Zahl der Waffenbesitzer weiter gestiegen
Während die Debatte weiterläuft, zeigen aktuelle Zahlen eine Zunahme an privaten Waffenbesitzern. Mit Stand 1. Juni 2025 befinden sich über 1,5 Millionen Waffen und zugehöriges Zubehör in privater Hand – ein Anstieg um über 4.000 registrierte Personen allein in den ersten fünf Monaten des Jahres, wie das Innenministerium auf APA-Anfrage bekanntgab. Besonders relevant: Fast 143.000 Waffen fallen in die Kategorie A, also verbotene oder besonders gefährliche Modelle, deren Besitz nur in Ausnahmefällen zulässig ist.

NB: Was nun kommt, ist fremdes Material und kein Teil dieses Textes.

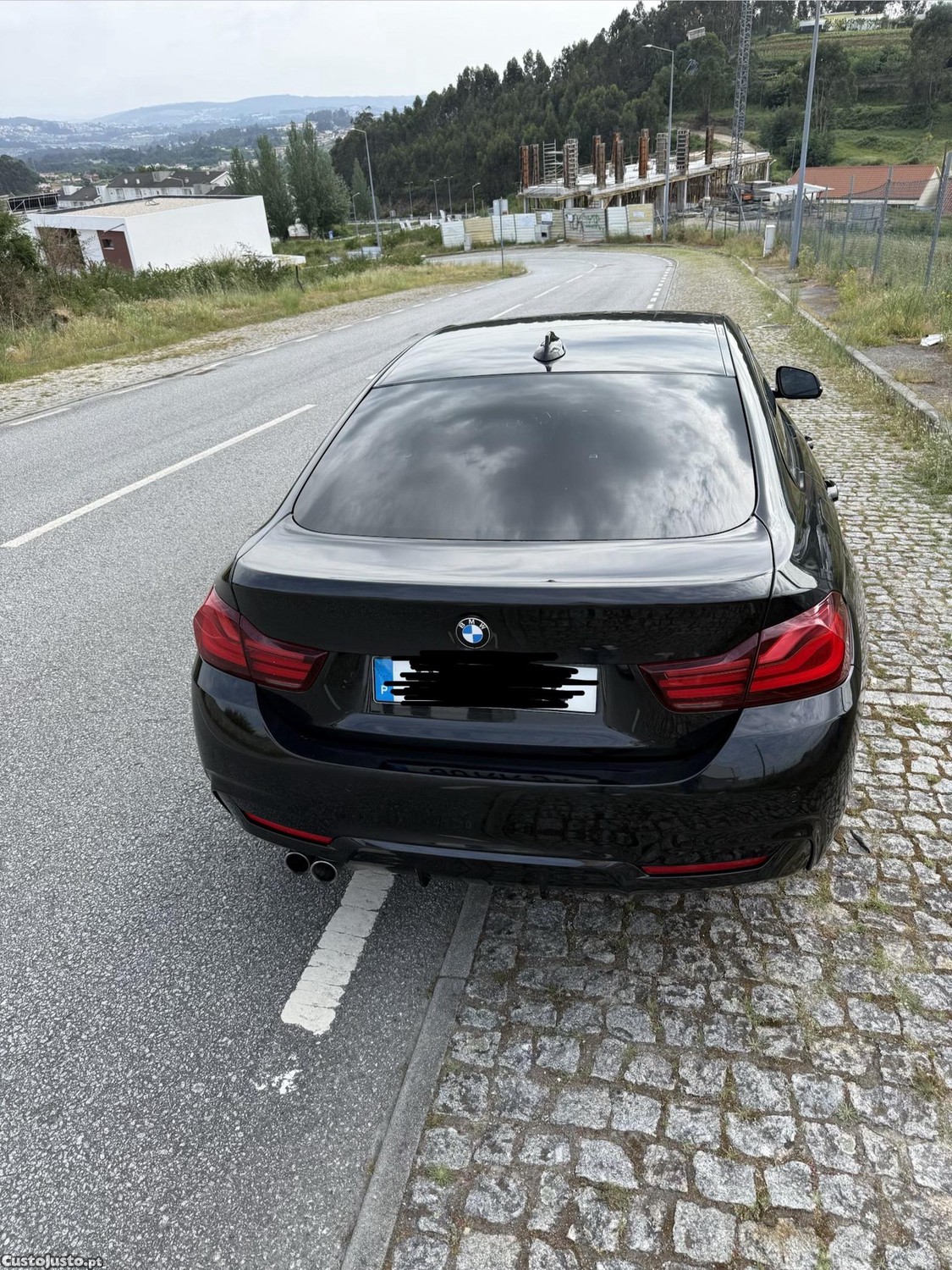 BMW 420 Pack m — fotografia 6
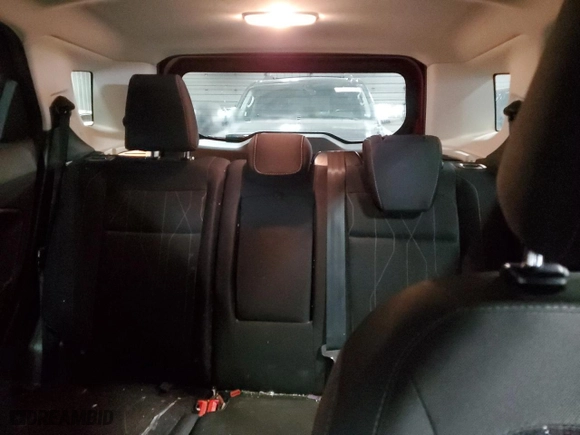 2018 Ford EcoSport SE with VIN MAJ6P1UL3JC171086, listed as a Copart auction lot 44419135 with 71,691 mi miles and Clean Title. Bid and sale history available at carsss.com. Image 10.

Die Waffenkategorien wurden mit einer Novelle 2020 neu geordnet, was unter anderem zu einem Verbot großer Magazine für Pistolen und halbautomatische Gewehre führte – außer für Sportschützen. Dennoch sehen Kritiker wie die Grünen weiterhin erheblichen Nachbesserungsbedarf, vor allem im Bereich psychologischer Kontrolle und Zugangskriterien.

- Österreichs Polizei setzt auf ein bewährtes, dreistufiges Einsatzkonzept für Amok- und Terrorlagen.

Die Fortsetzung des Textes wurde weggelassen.